# Ya'll got me intersted



## agteacher (Jun 29, 2005)

I have been watching this section very closely. All of you take excellent pictures and are just awesome to look at. Since all of these great pictures I decided to take my camera with me out in the boat and see if I could find some "good photo opps" 

With that said these pictures are from Trinity Bay on Monday evening. The two with the wake is us going out to fish, the other is while we were drifting and I looked up and thought I have got to take a picture for 2Cool. (Thats when you know you read this board too long!!!!)

Hope you enjoy


----------



## Pod (Dec 11, 2004)

Welcome and thanks for posting! The water looks great in your pictures, wish I had been out there. I know what you mean about taking pics with 2cool in mind. I have a folder in "my pictures" labeled 2cool that I started just for this forum.


----------



## Bruce J (Jun 27, 2004)

I like the wake shots. The light on a wake in the morning is special and you've got a good eye to spot something interesting like that. Here's one I took last summer with a similar look to the water. I took a couple of just the wake, but can't seem to find them!


----------



## agteacher (Jun 29, 2005)

Pod-- I wish I could say we had good results, the tide was moving like crazy and the only thing that bit was the shell on the bottom, but the main thing is that we were fishing!!!

Bruce--Thanks, That morning the sun was nowhere to be found but that evening it just looked "2good" not to take a picture


----------



## Pod (Dec 11, 2004)

I guess we all think alike, here is a wake pic I took last spring. I was out running the boat by myself....my Daughter asked who was driving if I was taking pics. 

Bruce J, those are some serious looking reels!!


----------



## SEAHUNT186 (Dec 24, 2004)

Hey Pod, that's a NO WAKE ZONE!! Slow down!!







Just kidding......Great pics!!


----------



## Bruce J (Jun 27, 2004)

Pod, I took that shot in Honolulu. We chartered the "Magic" a 65 footer for the day of trolling hitless for 8 hours through "4-7 foot seas". Those big reels never got any action.

I took the previous shot in the morning when we were still full of foolish optimism. That's my older son on the deck. As the hours of tossing around in the seas wore on, my younger son suffered in the cabin. Here's his pic, which I've titled "Mal de Mer". It pretty well summed up the day!


----------



## pelican (May 22, 2004)

Welcome, agteacher ... I like that first one ... makes me want to get out on the water now!

Here's one coming in from an offshore run last June ... luckily we were already in the ICW when the storm came up outa nowhere. 

Can you say WOT?


----------



## Mrs Backlasher (Dec 19, 2004)

Pelican,

Boy! I hope you outran that beastly-looking cloud!

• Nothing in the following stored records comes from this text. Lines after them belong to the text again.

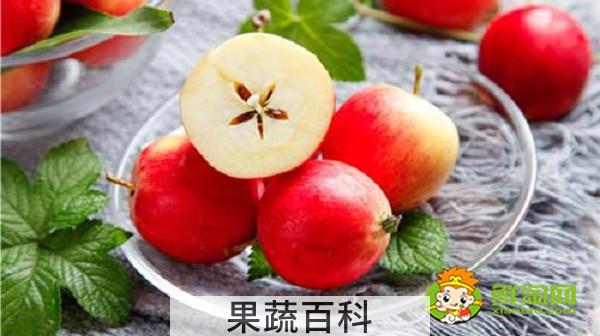 北方的沙果什么时候成熟，东北的沙果长什么样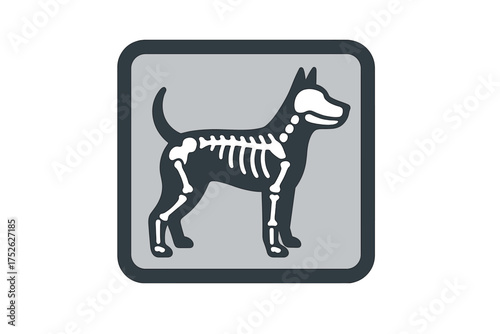 Dog x-ray icon. Veterinary clinic symbol. Pet health care. Animal medical diagnostic. Radiology examination for dogs. Canine skeleton anatomy vector. Flat simple illustration.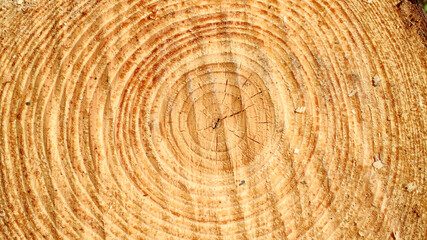 Naklejka premium freshly cut tree trunk cross section showing detailed concentric growth rings, wood grain pattern and texture backgdrop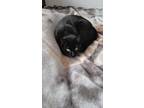 Adopt Kiki a All Black Bombay / Mixed (medium coat) cat in Millburn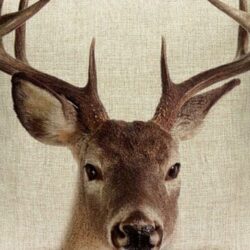 Deer Cushion Cover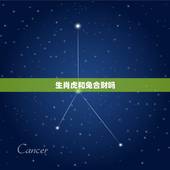 生肖虎和兔合财吗，虎和兔属相是否可以婚配吗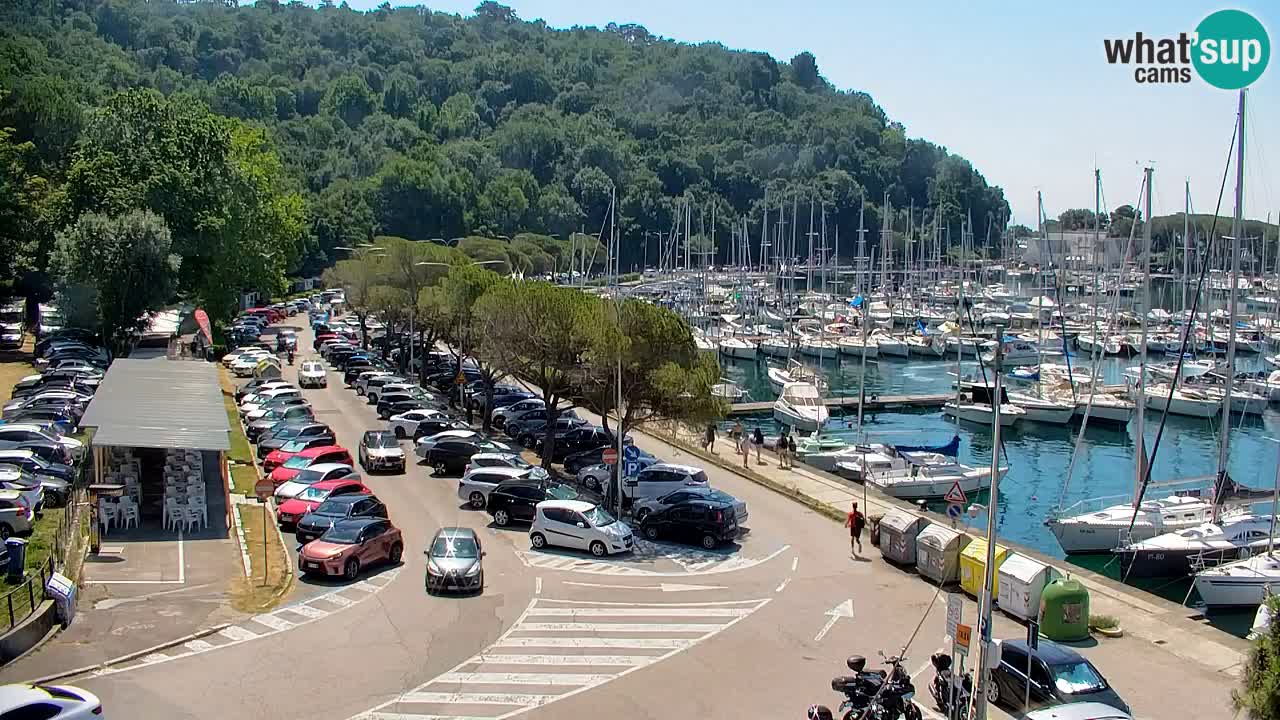 Webcam Sistiana Baia – Live View of the Marina and Gulf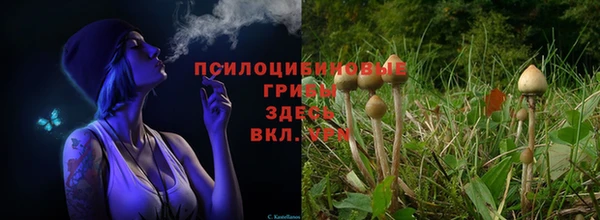 ALPHA PVP Беломорск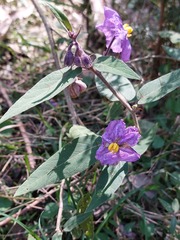 Solanum celatum
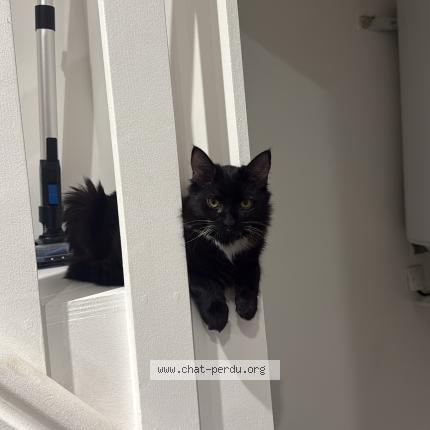 Photo 1/1 Manny Chat perdu à Bourgoin jallieu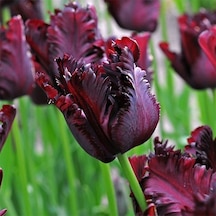 Jewel Black Fırfırlı Lale Soğanı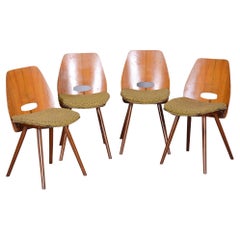 Satz von vier Stühlen aus Nussbaumholz aus der Mitte des Jahrhunderts, Frantisek Jirak, Tatra, Tschechische Republik, 1950er Jahre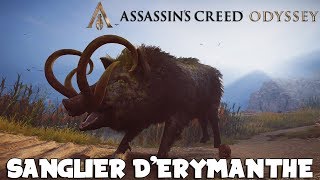 Sanglier D Erymanthe Le Sanglier Peteur Chasse Assassin S Creed Odyssey Royleviking Fr Pc Youtube
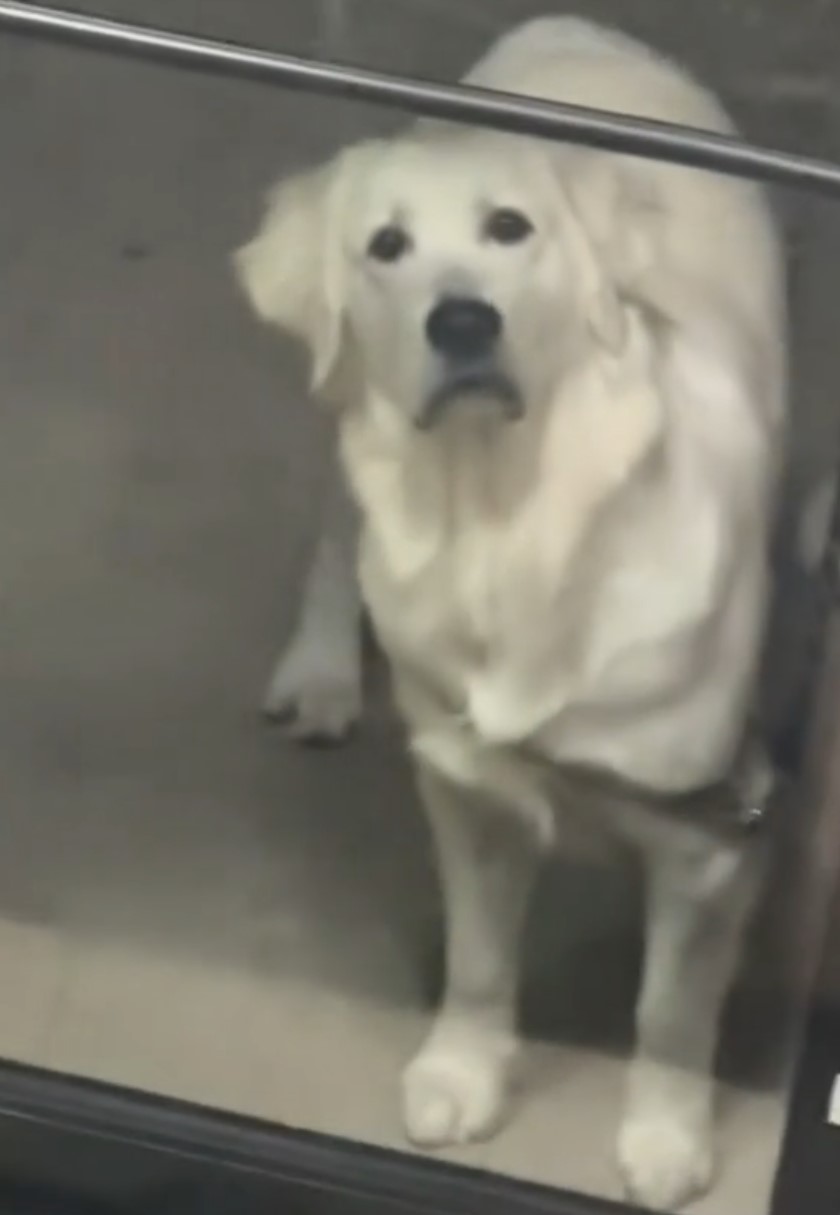 a dog staring at his reflection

BTW, guys, here's why I *can't* post up a "wake" photo. But I'll give you a good sunrise shot from Salt Lake (north of Drum Bay and Nick's Lake).


----------



## GoingCoastal (May 24, 2004)

Very nice Shots Randy. 
Last pic looks like your fishin Beasley's reef. 

bruce thats a very good pic too - Would make a good Cover photo for a off-Shore Magazine

Bob , you pic reminds me of a mansfield day . cept we had to go thru that to get home.

Dave


----------



## MarcusT (May 25, 2005)

Found a few wake pics.


----------



## pelican (May 22, 2004)

Now, THAT's the way to fish, Marcus!


----------



## Cutter (Jun 23, 2004)

great shots all around guys.. keep em comin


----------



## agteacher (Jun 29, 2005)

Dave your right we were right infront of T-head pier---good eye


----------